= Cillian Ryan =

Academic economist

Cillian Ryan is an academic economist, professor emeritus and former pro vice-chancellor at Nottingham Trent University.

==Career==
Ryan received his BA and MA in economics from University College Dublin and his Ph.D. from the University of Western Ontario. From 2016-2024 he was pro vice-chancellor at Nottingham Trent University, holding a variety of portfolios including of Head of College of Business, Law & Social Sciences, NTU Global and international recruitment, and community and elite sport. Prior to that appointment, he was pro vice-chancellor at De Montfort University, Leicester (2014–2016), and was the founding dean of liberal arts & sciences at the University of Birmingham (2011–2014). Other roles at the University of Birmingham included deputy head of the College of Social Sciences, (2008–2014), head of the European Research Institute (2005–2008), director of the university's Jean Monnet European Centre of Excellence (1998–2014), and holder of the Jean Monnet Chair in European Economics (1998–2014).

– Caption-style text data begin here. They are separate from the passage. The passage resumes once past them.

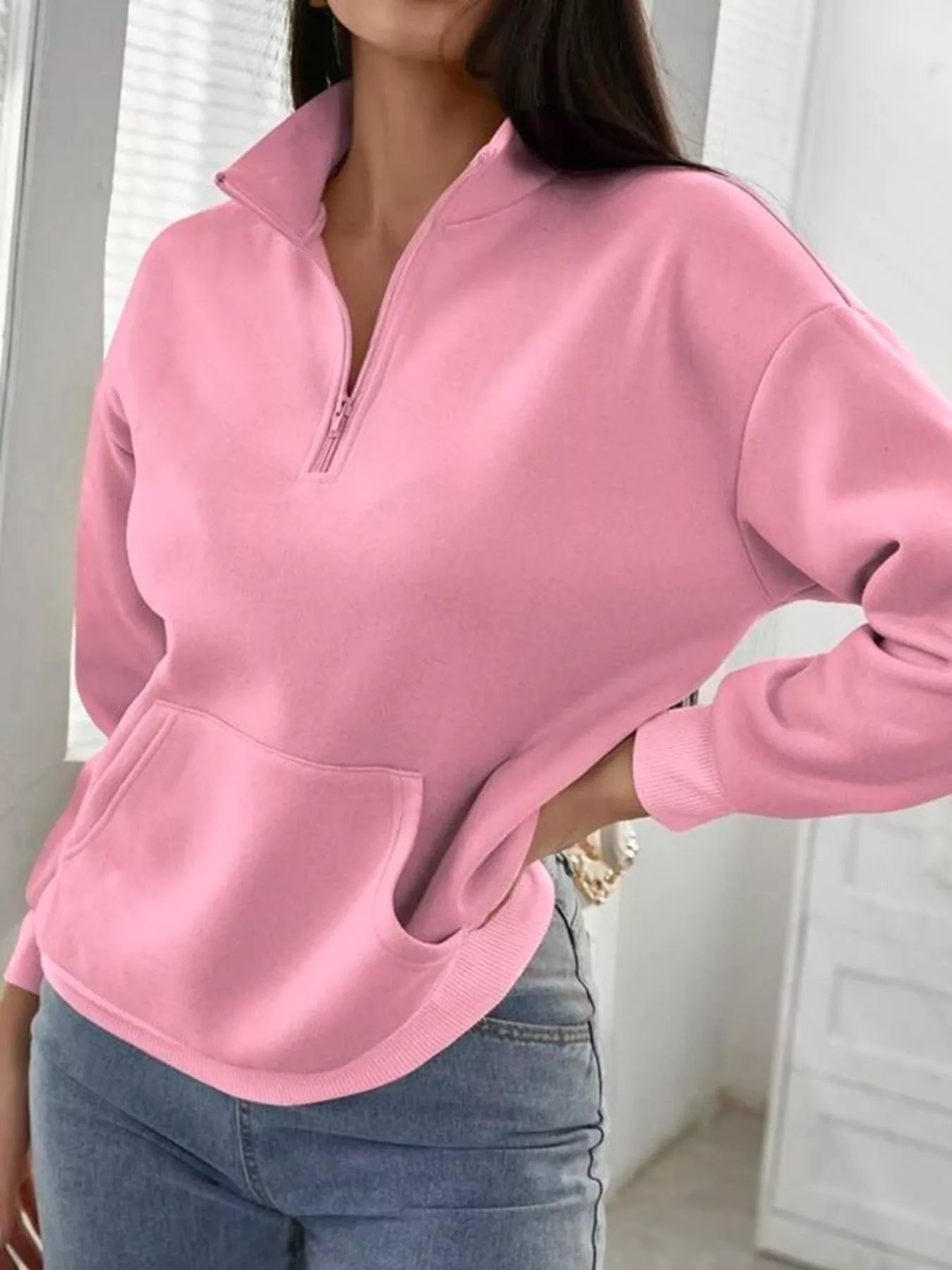 Person wearing a pink pullover with a zipper, standing indoors.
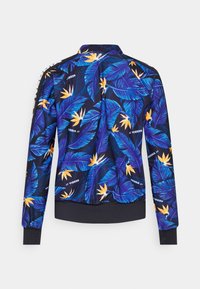 Veste avec imprimé feuilles tropicales bleues et fleurs jaunes, poignets et taille noirs, et texte de la marque en blanc sur fond foncé.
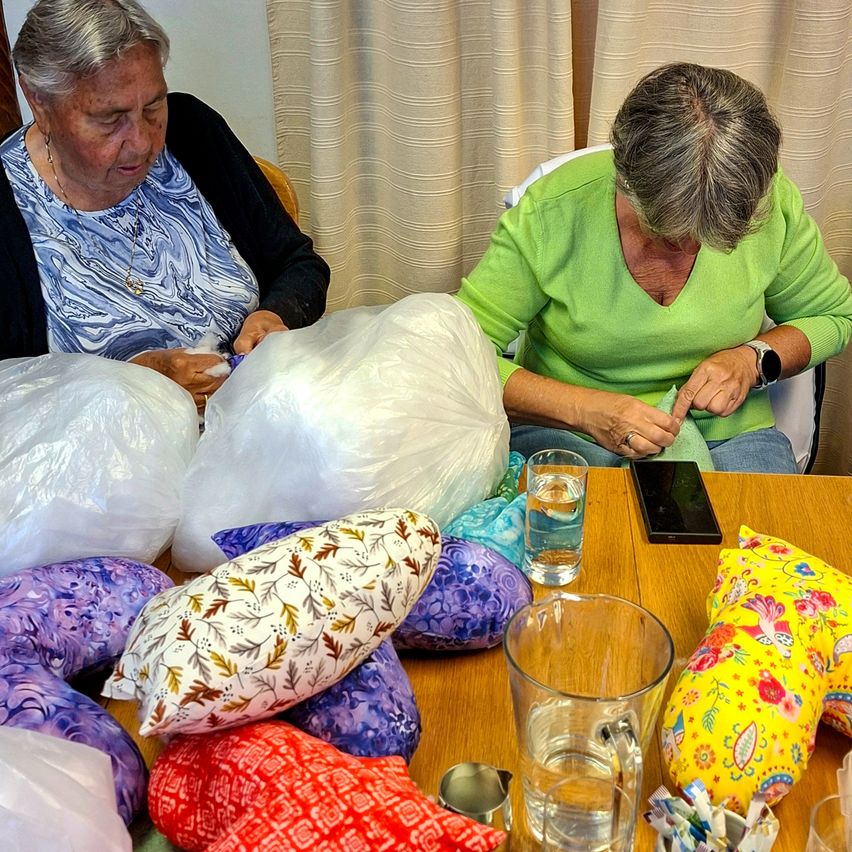Two older women sit at a table filled with pillows and bags. One woman holds a cell phone, and both have items in their hands. A glass of water and a phone are on the table.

Ryan has advised the European Commission, UNCTAD, the WTO and many national governments on matters relating to trade in services, particularly financial services and financial service regulations, ranging from NAFTA in the 1980s to the present day. During the Conservative-Liberal coalition from 2010-2015 he was an advisor to the UK Cabinet Office on the UK Treasury and BIS EU Balance of Competencies Reviews. More recently he has provided advice on a range of post-Brexit trade agreement proposals relating to trade in education services.

He was the chair of the Leicestershire Police Ethics, Integrity and Complaints Committee (2015-2020), a member of the board of the Economics Network, an honorary professor at the University of Birmingham, and has served in a variety of capacities the Higher Education Academy, the European Jean Monnet Network, and the Royal Economics Society (including running the UK Royal Economics Society Easter School from 1992 to 2001).

==Research==
His edited volumes include:

- "Financial Market Integration and Growth; Structural Change and Economic Dynamics in the European Union " P.J.J Welfens, Ryan, C, (eds). Springer-Verlag Heidelberg, 2011. ISBN 978-3-642-16273-2
- EU-ASEAN: Facing Economic Globalisation, P.J.J Welfens, Ryan, C, Chirathivat, S, and F Knipping (eds). Springer-Verlag Heidelberg, 2009, XVI, 246 p. 48 illus., ISBN 978-3-540-87388-4
- INTEGRATION IN ASIA AND EUROPE: Historical Dimensions, Comparative Analysis and Politico-Economic Dynamics, Chirathivat, S, Knipping, F, Ryan, C and P.J.J Welfens (eds). Springer-Verlag Heidelberg (2005).

==Awards==
In 2008 he was the recipient of the EIIW European Economics Science Prize and was elected a Fellow of the Royal Society of the Arts in 2014.

==Personal life==
Ryan was educated at Synge Street CBS and is the son of the former Irish Minister of Finance, Richie Ryan.